[...] Hitchens' tame little torture session is the biggest S&M video on the web since "9½ Weeks."
That kind of etiquette is what you get from those expensive dominatrixes English dudes like to get whipped by, or those nerf BDSM sites that talk about "consensual power exchanges." What reminded me most of those BDSM sites is the "code word" they tell Hitchens he can use to stop the waterboarding: "That word is red, R-E-D." They ask him if he understands and he says, "Yes, sir." That "sir" only added to the ridiculous porn feel here, like Hitchens was paying a hundred pounds an hour to have Baron Whipsong or Lady Cruella, whichever way he likes it, wear out their riding crop on his eager little bum.
[...] It's like drowning. Duh. Anybody who wanted to know that already knew it.

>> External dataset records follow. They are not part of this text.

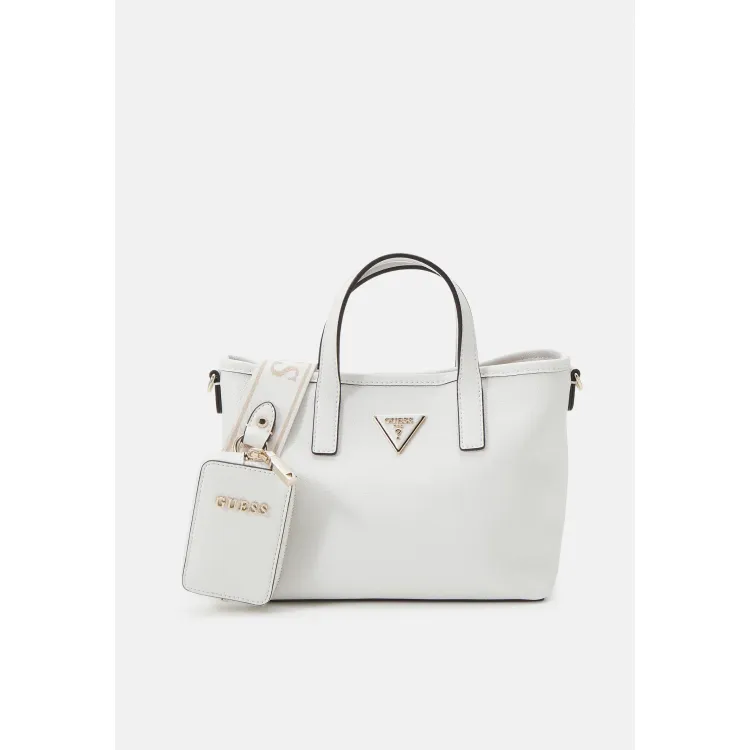 Guess LATONA MINI TOTE SET - Borsa a mano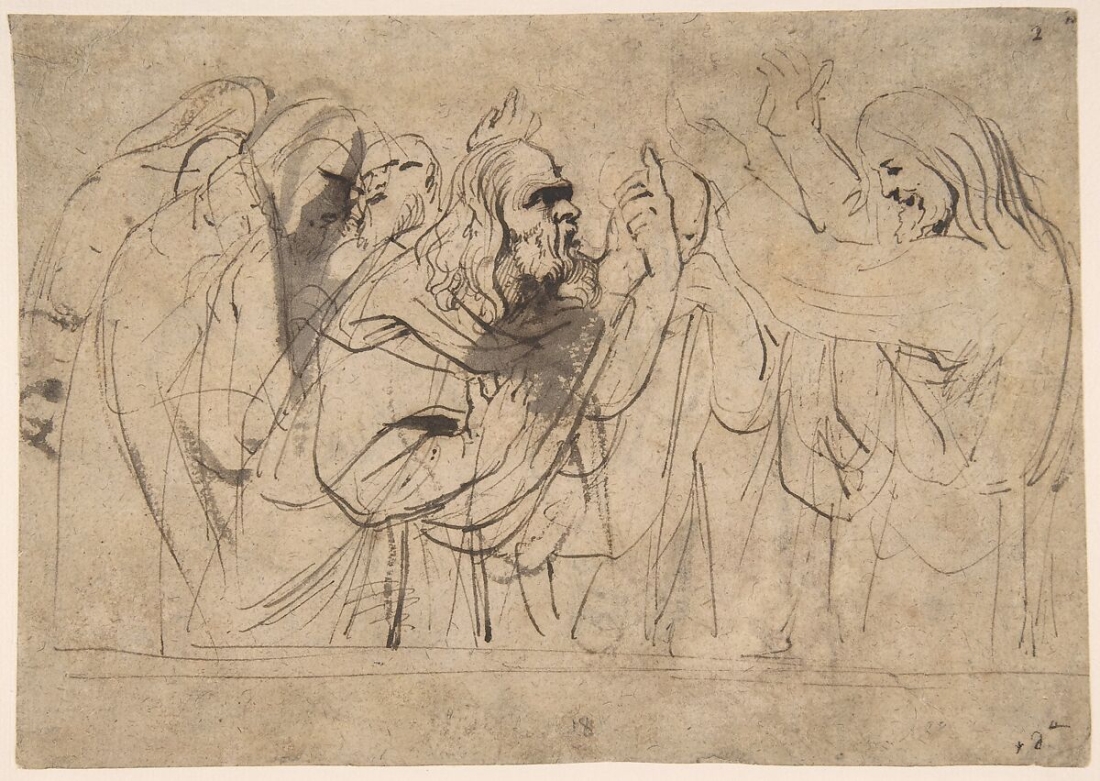 The Met Collection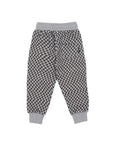 Cruz Jogger | Grey Skies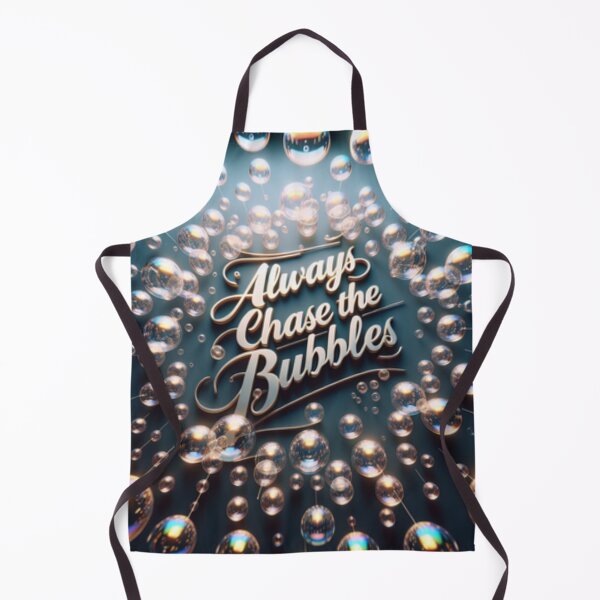 Item preview, Chase The Bubbles 2 designed and sold by Heartbreaker Creative.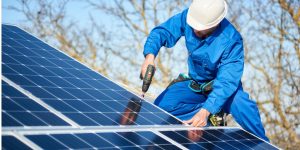 Installation Maintenance Panneaux Solaires Photovoltaïques à Preaux-Bocage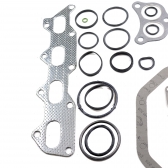 Jg Juntas Superior Elring B87.160 VW Gol 1.0 16V - Cód.10953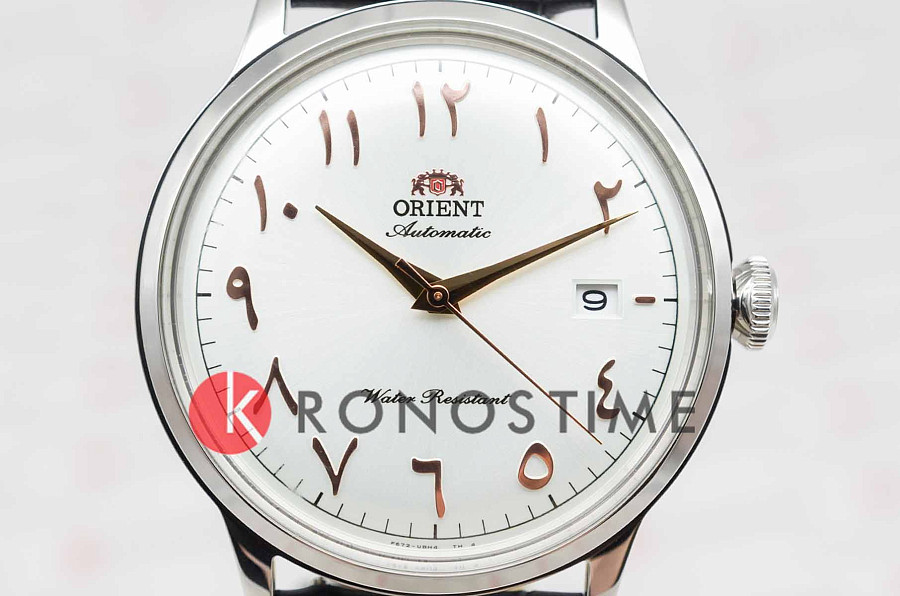 Часы Orient Classic Automatic RA-AC0038S — металл сталь, Япония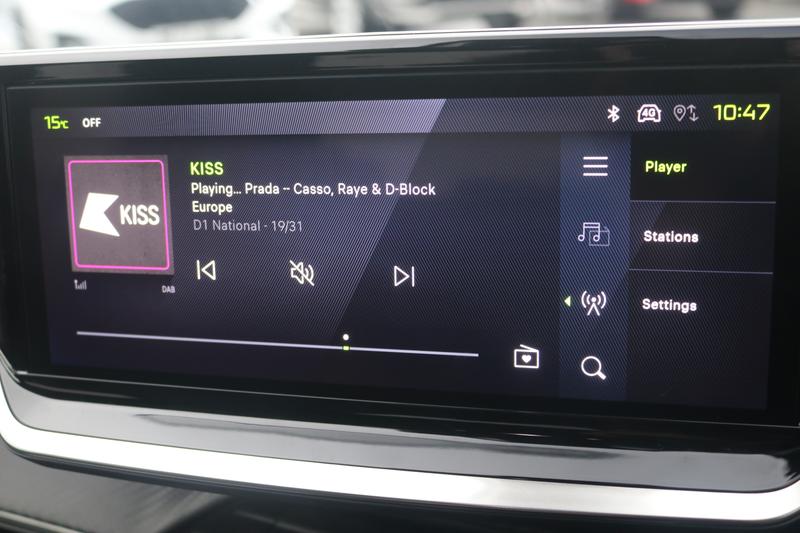 Used Peugeot 208 2025 for sale - 77167756: Photo 15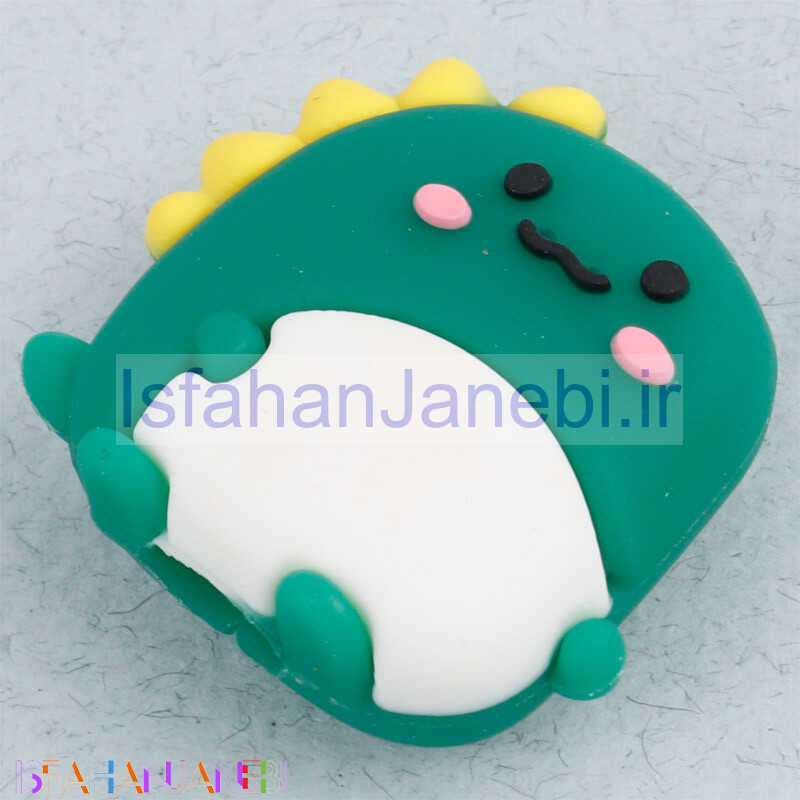 اصفهان جانبی-محافظ سری کابل طرح دایناسور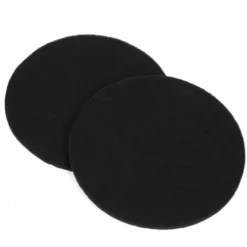 2 filtres pour compost de cuisine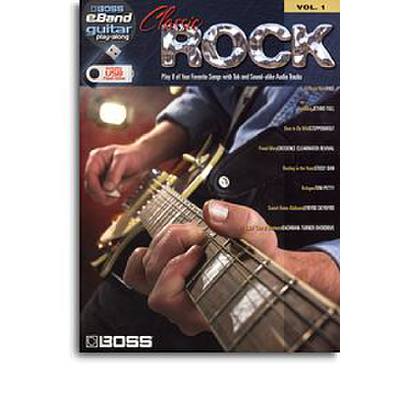 0884088505998 - Classic Rock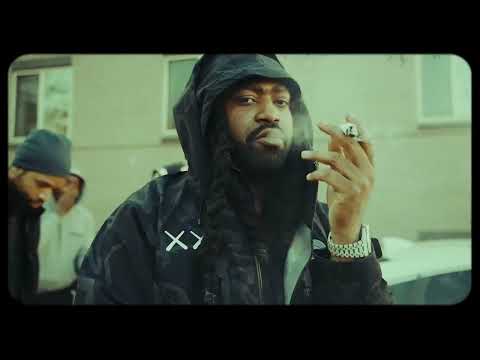 Paco Panama - WISE GUYS (Official Music Video) | DIRECTED BY 95 PRODUCTIONS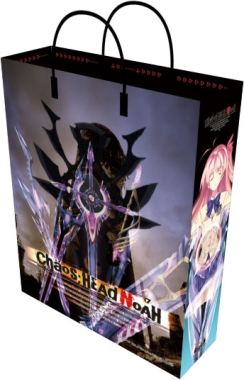 画像ギャラリー No.001のサムネイル画像 / 「CHAOS;HEAD NOAH」,東名阪縦断イベントを開催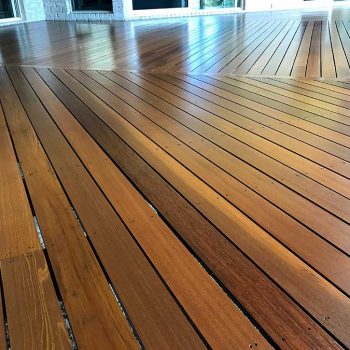 sunshine coast deck sanding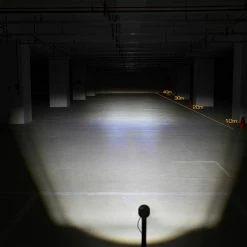 LITEMOVE Feu Avant Pour E-bike SE-110 -Le Cyclo Moderne Soldes Boutique Litemove SE 110 4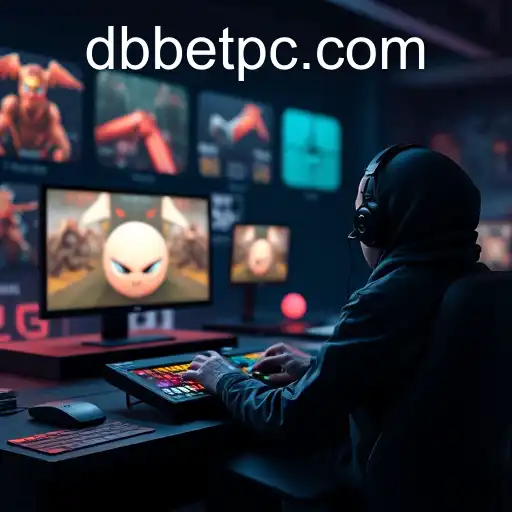 The Rise of dbbet in Online Gaming
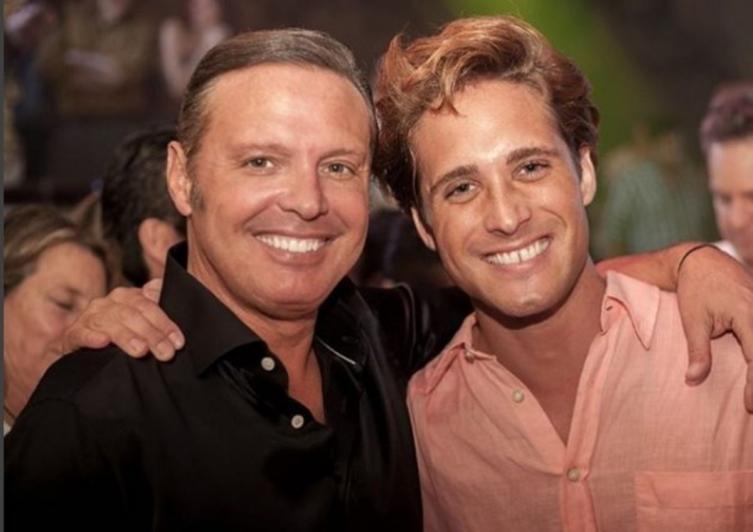 Dudas sobre la llegada de Luis Miguel a la Argentina: ¿viene él o el de la serie?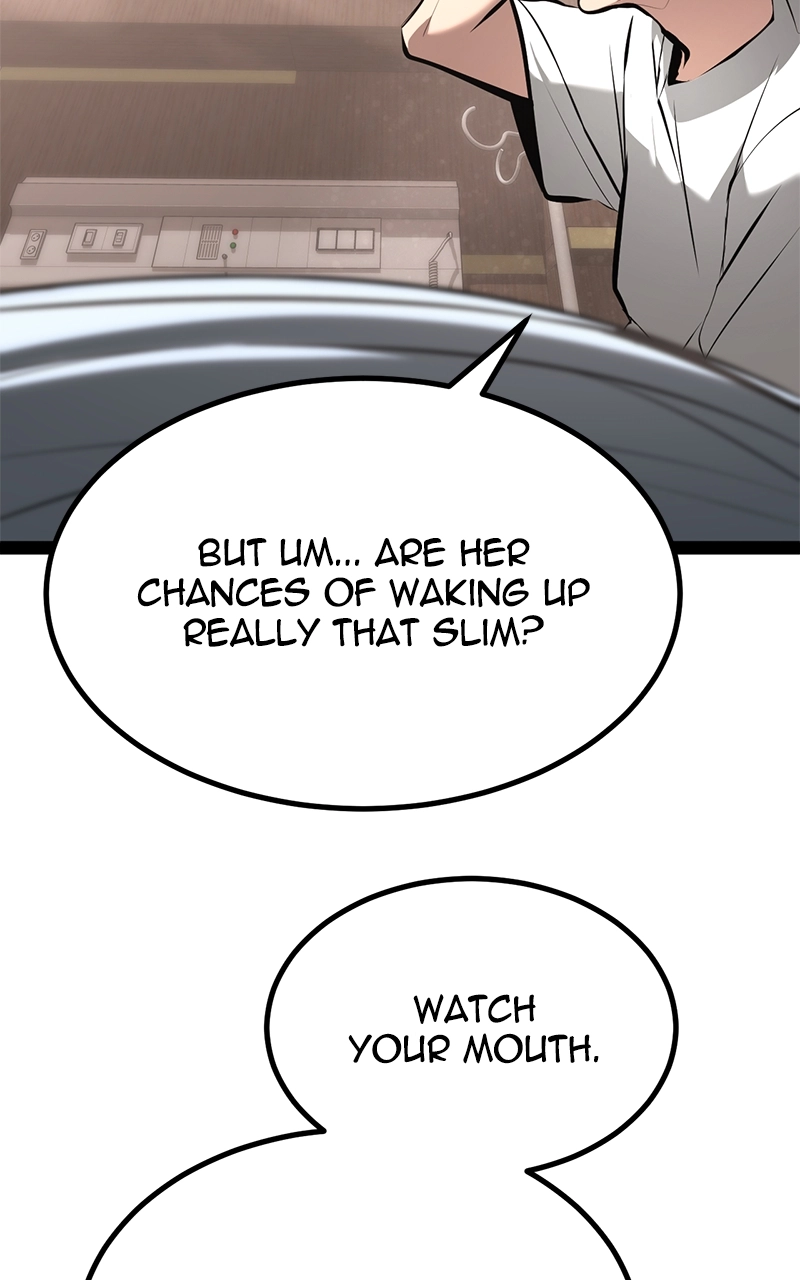 Level 999 Goblin Chapter 8 Page 21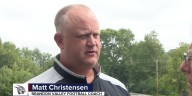 Brandon Valley football coach loves games like Dakota Bowl for his players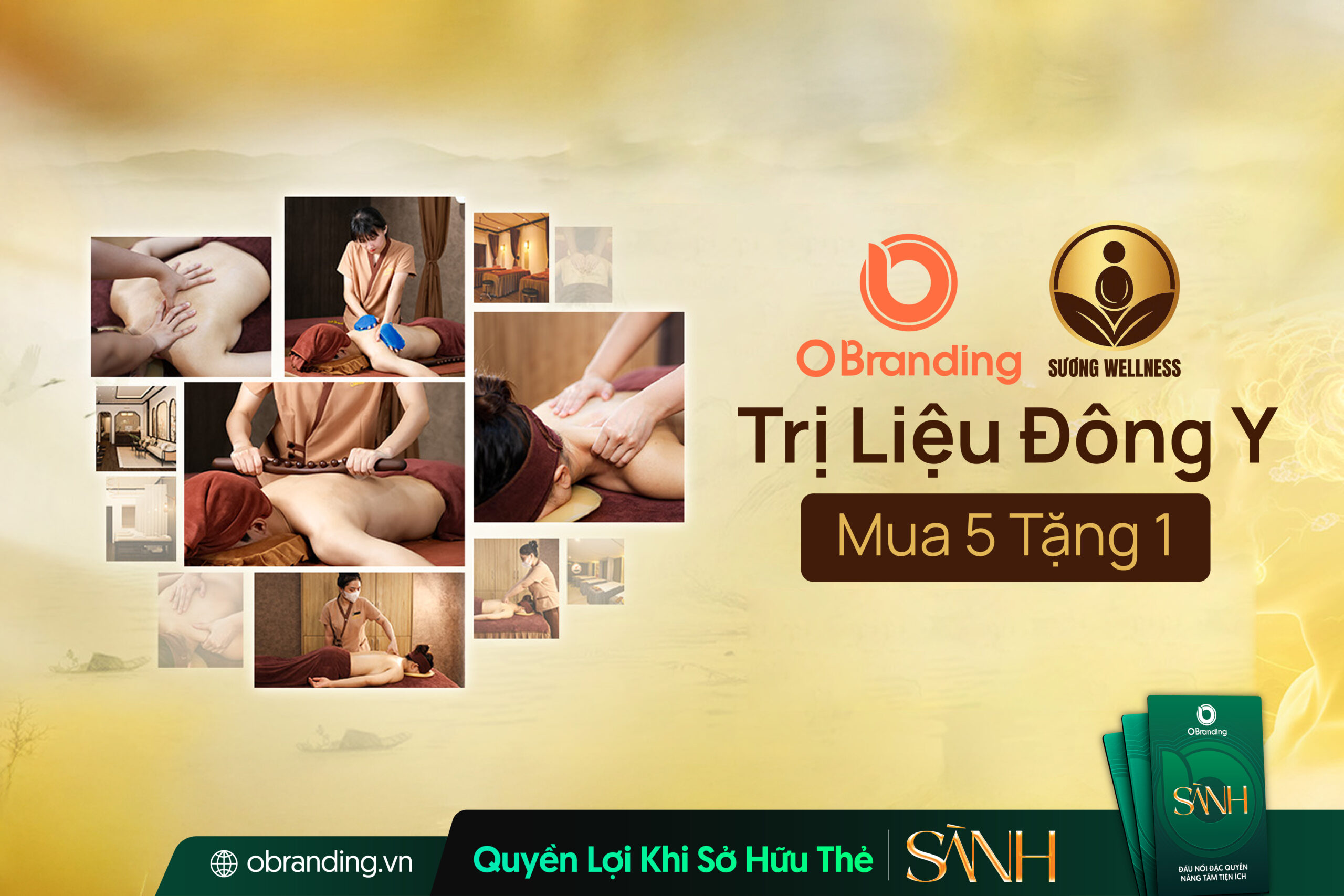 SƯƠNG WELLNESS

So why does Hitchens make such a big show of just realizing it now, after five years of supporting it? To me, the answer's easy: He's withdrawing from Iraq, making a big Jesus-on-the-cross demonstration, like a public punishment, for supporting the war all this time. By getting himself tortured in this half-assed way, he gives himself a reason to see the light, desert from the Neocon forces before it's too late. Karl Rove won't be happy, though, because the last thing the GOP wants is for people to start realizing what we're actually doing in Iraq. Reminds me of the debate about abolishing flogging with the cat-o'-nine-tails in the British Navy. The first time the bill was introduced, everybody laughed at how ridiculous a notion that was. Then somebody thought of having a real cat-o'-nine-tails introduced to the House of Commons, a bloody old Exhibit A. Nobody said a thing; they just voted unanimously to forbid it.
...Hitchens is declaring martyrdom and getting out. He just unilaterally withdrew from Iraq, and in only 11 seconds.
Hitchens, along with many other neocons and kool-aid drinkers, owes. His waterboarding may have been phony, like celebrity rehab, but it was heartwarming to see.